I am heading out there Tomorrow. no class, and a serious case of cabin fever. I'm gonna go all out on those fish. I'm bringing everything I have ever used to catch saugeye in the past and trying all of it.I am hoping this little bit of a warm-up might open their mouths a bit. Again, wedebrook, I'll be there in my red fleece and jeans. I'm trying to decide if I want to go in the morning and just fish all day. I've heard the evening bite can be more productive. I might jsut make a day of it. Cya guys out there.


----------



## sc83 (Apr 16, 2008)

Probably gonna go on Wed. Anyone know if you can get minnows at Cole's right now, or the closest place to get them.


----------



## TPfisher (Aug 31, 2009)

yeah you can get minnows at Cole's


----------



## wedebrook (Jul 29, 2009)

sc83 said:


> Probably gonna go on Wed. Anyone know if you can get minnows at Cole's right now, or the closest place to get them.

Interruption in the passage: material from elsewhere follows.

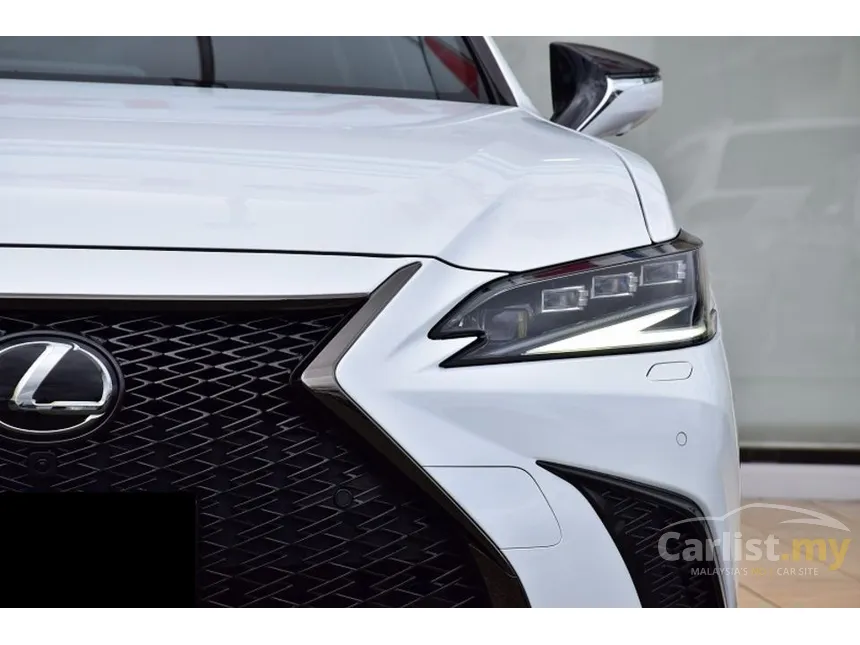 2022 Lexus ES 300h F Sport Sedan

I got some from there on the 16th when I went out. I just didn't know the name of the place.


----------



## sc83 (Apr 16, 2008)

Thanks. Gonna try and get there early.


----------



## wedebrook (Jul 29, 2009)

Went today from about 10:00 to 12:30...nothing doing. There was only one other person there, an older woman, and she didn't even get a strike while I was there, either. The lake is frozen over, though, with some pretty thick ice. I actually saw a few shad frozen in the ice and the banks are littered with dead shad. Is it normal for them to drop the reservoir so low in winter, or is this something they are doing to assist with the construction they have going on at the marina? It has to be down around 12-15 feet or so from what I saw of it last summer and fall. This is the dock near the dam:
















So are these water levels normal for winter? I know they tend to let some water out during the winter months, but is it usually this much?


----------



## timjr (Jul 23, 2009)

was there sunday morning caught 4 dinks and lost 4.
was there tuesday evening fished till after dark and got 1 dink seen a couple small crappie caught just before dark.


----------



## rossco (Jan 30, 2008)

http://www.lrh-wc.usace.army.mil/wc/scins.htm

wedebrook-
According to the Army Corps of Engineers site, Paint Creek is about a foot above normal "winter pool". You can use the link above to track spillway outflows, lake levels, water temp, etc. Hope it helps. 

rossco


----------



## wedebrook (Jul 29, 2009)

That's a great link, thanks.


----------



## sc83 (Apr 16, 2008)

Fished from about 1030-1230 today and didn't get bit. There were several other people there. One guy had 2 good size saugyes on a stringer, other than that nothing happening.


----------



## johnnywalleye (Jan 27, 2007)

if there's a better lake in OHIO, then let it be known, some will say CJ but for me its PC, you columbus boys thinks its Alum, shows how much you know, even Deer Creek is better than ALum. PC are you catchin saugeyes or feedin the fish?


----------



## Fishing Nut (Oct 17, 2009)

The water level is normal they drop it 10.5' for the winter. Some of the best fishing is actually when the lake is this low.


----------



## steveg11943 (Jun 27, 2008)

I don't know if thats normal for winter pool, but if you look at wedebrooks first pic and look across the lake at the bend in the road thats where the water level will be in the spring.We went there one spring and put in and could touch the top of the parking lot light poles setting in the boat, rest room was completely under water.


----------



## wedebrook (Jul 29, 2009)

Looks like the flow from the spillway is under 300 right now, compared to the 460 from last week...I may go try it out tomorrow. Anyone know if they got the roads cleared off around there, like Rapid Forge, for example? This is my first winter fishing Paint Creek and I'm trying to log as much time on the water as possible...


----------



## wedebrook (Jul 29, 2009)

Hit up the spillway from about 12:30-3:00 today with no luck. By the time I left, there were about 8-10 lines in the water, but I didn't see anything pulled out. They came through while I was down there and plowed the roads, so they are at least partially cleared.


----------